### What this task involves
Exclude images, then output the remaining data verbatim.

### Data extract
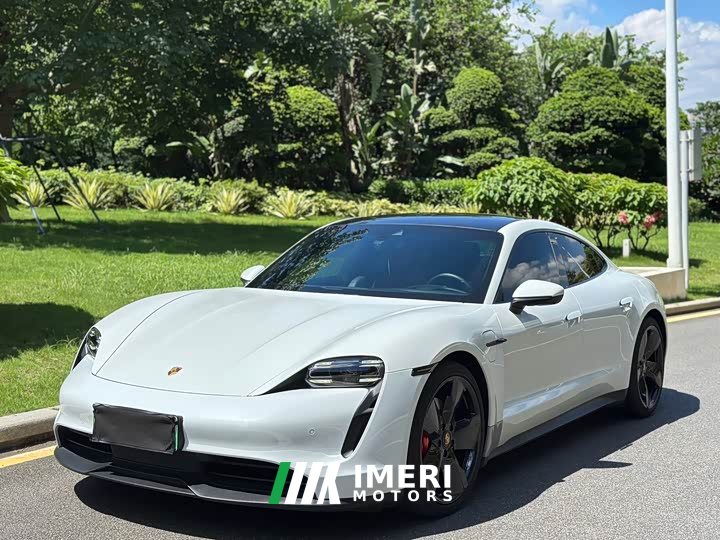Porsche Taycan 2020 Taycan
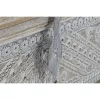 Skrynia DKD Home Decor 88 x 40 x 45 cm Balta Žalvaris Mango mediena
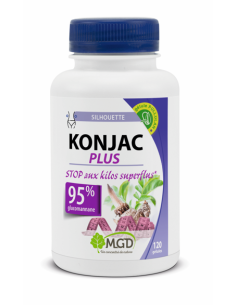 MGD Konjac Plus 120 Gélules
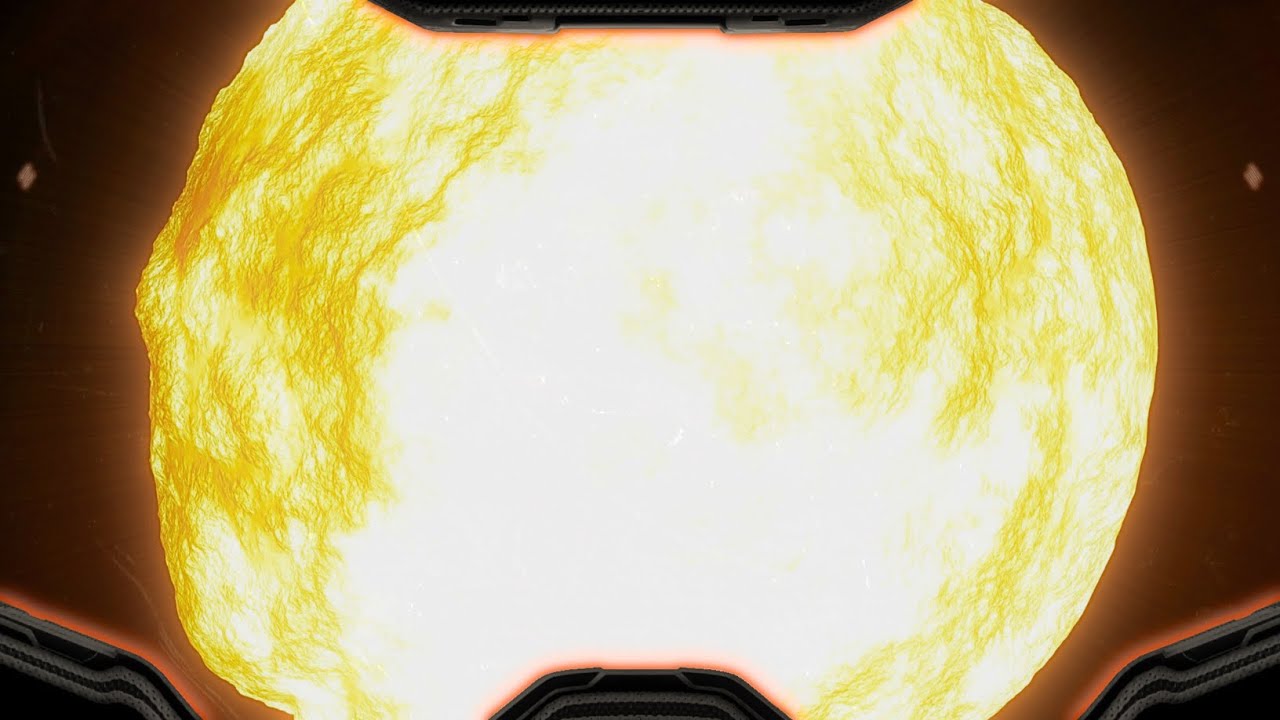 Falling Into an Exploding Star (Betelgeuse - Simulation)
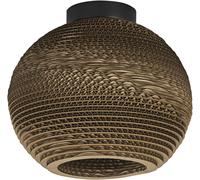 LEDVANCE Décoration Ballon en carton pour plafond E27 Marron - Lampes murales et de plafond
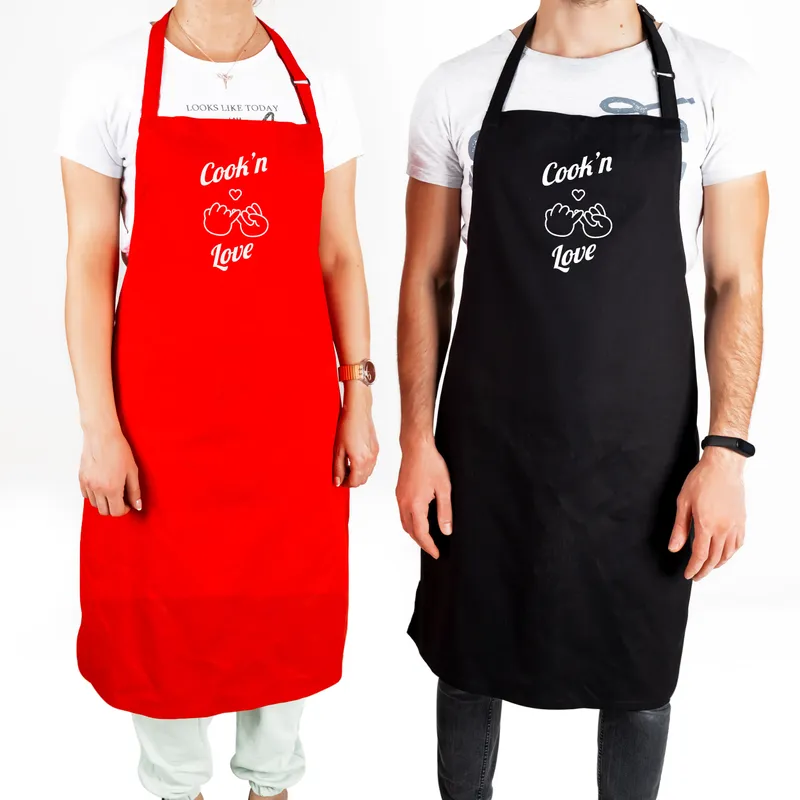 Cook'n Love Aprons for Couples
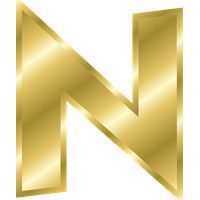 Alphabet Vector Gold Free Download Image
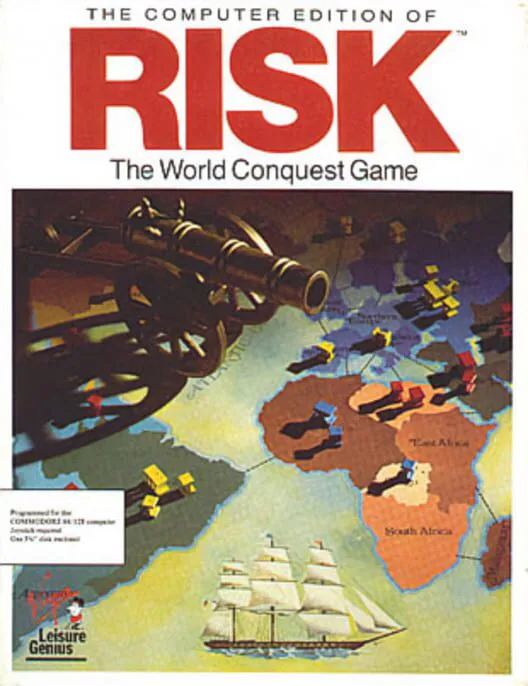 Copertina di The Computer Edition of Risk: The World Conquest Game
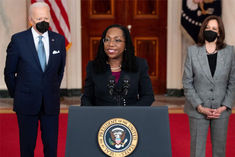 ketanji brown jackson will be the first black woman judge on the us supreme court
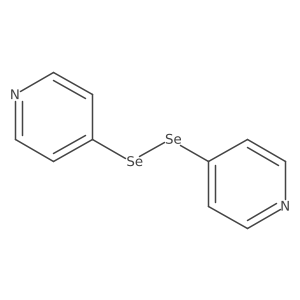 1,2-Di(pyridin-4-yl)diselane结构式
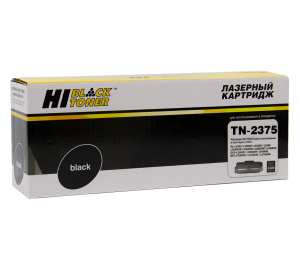 Тонер-картридж Brother TN-2375/TN-2335 для HL-L2300/2305/ 2320/2340/ 2360, 2,6K, Hi-Black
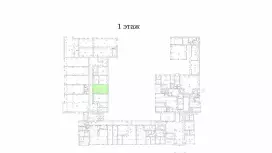 Аренда склада 51 кв.метров, 1 этаж-99. План объекта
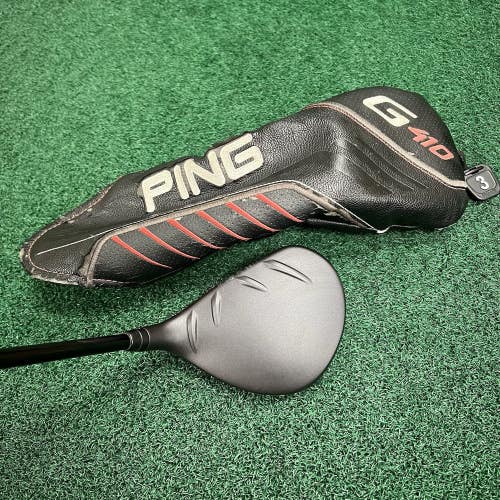 PING G410 14.5 3 Fairway Wood RH Tensei TX Tour Extra Stiff Graphite Shaft w/HC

### Output of the exercise
Porsche Taycan 2020 Taycan
 Skrynia DKD Home Decor 88 x 40 x 45 cm Balta Žalvaris Mango mediena
 MGD Konjac Plus 120 Gélules
 Falling Into an Exploding Star (Betelgeuse - Simulation)
 LEDVANCE Décoration Ballon en carton pour plafond E27 Marron - Lampes murales et de plafond
 Cook'n Love Aprons for Couples
 Alphabet Vector Gold Free Download Image
 Copertina di The Computer Edition of Risk: The World Conquest Game
 ketanji brown jackson will be the first black woman judge on the us supreme court
 1,2-Di(pyridin-4-yl)diselane结构式
 Тонер-картридж Brother TN-2375/TN-2335 для HL-L2300/2305/ 2320/2340/ 2360, 2,6K, Hi-Black
 Аренда склада 51 кв.метров, 1 этаж-99. План объекта
 PING G410 14.5 3 Fairway Wood RH Tensei TX Tour Extra Stiff Graphite Shaft w/HC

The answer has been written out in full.